LEIPZIG, GERMANY - The U.S. Central Intelligence Agency has devised technology to restrict the use of anti-aircraft missiles after they leave American hands, a researcher said, a move that experts say could persuade the United States that it would be safe to disseminate powerful weapons more frequently.
The new technology is intended for use with shoulder-fired missiles called Man-Portable Air-Defense Systems (MANPADS), Dutch researcher Jos Wetzels told a cybersecurity conference in Leipzig, Germany on Saturday.

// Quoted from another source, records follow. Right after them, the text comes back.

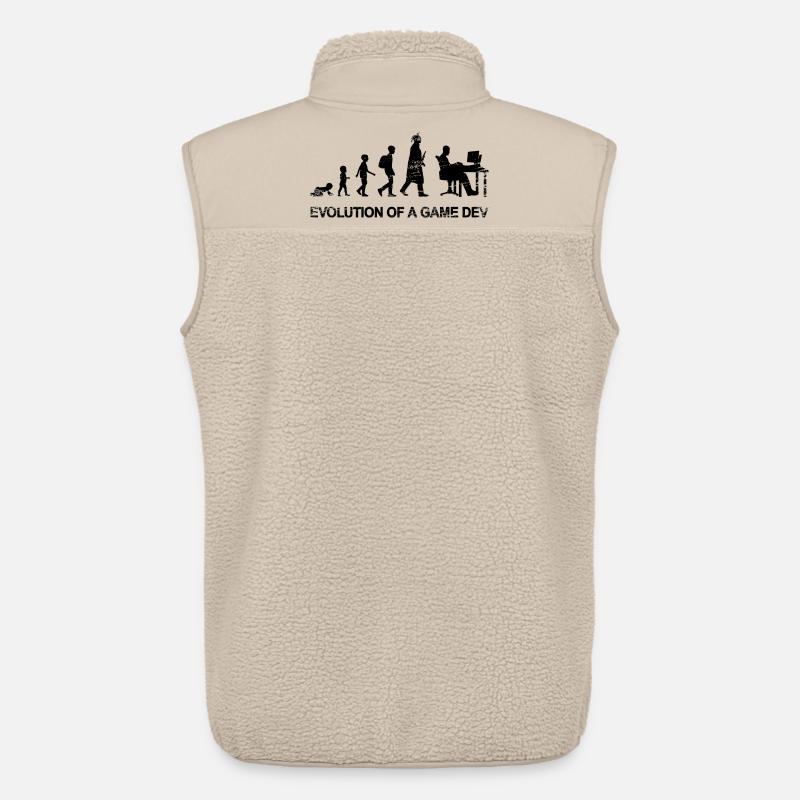 Entwicklung eines Spieleentwicklers - Unisex Sherpaweste von Stanley/Stella - Beige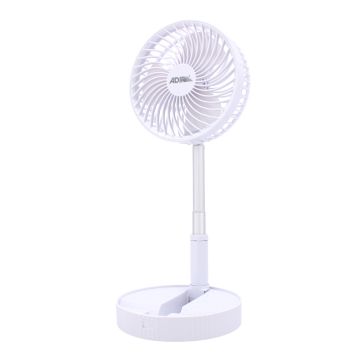 Ventilador portátil recargable de escritorio blanco 12382 Adir
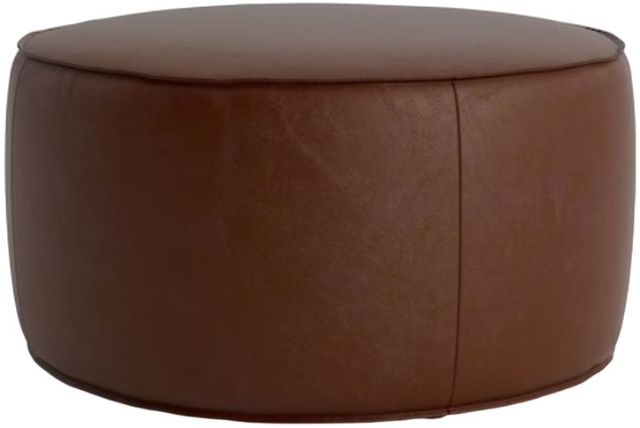 Bassett® Furniture Customizable Rhonda 40" Round Leather Ottoman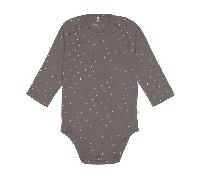 Lässig - LÄSSIG Body Langarm GOTS Spots anthrazit 74/80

Wetzels said the system was laid out in a batch of CIA documents published by WikiLeaks in 2017 but that the files were mislabeled and attracted little public attention until now.
Wetzels said the CIA had come up with a "smart arms control solution" that would restrict the use of missiles "to a particular time and a particular place." The technique, referred to as "geofencing," blocks the use of a device outside a specific geographic area.
Weapons that are disabled when they leave the battlefield could be an attractive feature. Supplied to U.S. allies, the highly portable missiles can help win wars, but they have often been lost, sold, or passed to extremists.
For example, Stinger MANPADS supplied by the United States are credited with helping mujahedeen rebels drive Soviet forces out of Afghanistan in a conflict that spanned the 1980s and 1990s. But U.S. officials have since spent billions of dollars to clear the missiles from the country — and from other conflict zones around the world
Wetzels said it was unclear whether the CIA's design ever left the drawing board or where it was meant to have been deployed, but he noted that the apparent period of development in the documents' metadata — 2014 to 2015 — roughly coincided with media reports about the deployment of MANPADS to rebels in Syria. Geofencing might have been seen as a way of ensuring the missiles were used on the Syrian battlefield and nowhere else, he said.
The CIA declined to comment.
Outside experts who reviewed Wetzels' analysis said they found it plausible.
N.R. Jenzen-Jones, who directs the British-based ARES intelligence consultancy, said geofencing has long been discussed as a safeguard to allow powerful weapons "into the hands of friendly forces operating in high-risk environments."
Wetzels said geofencing was no panacea, running through a list of security vulnerabilities that could be used by insurgents to bypass the restrictions.
"It's not a watertight solution," he said.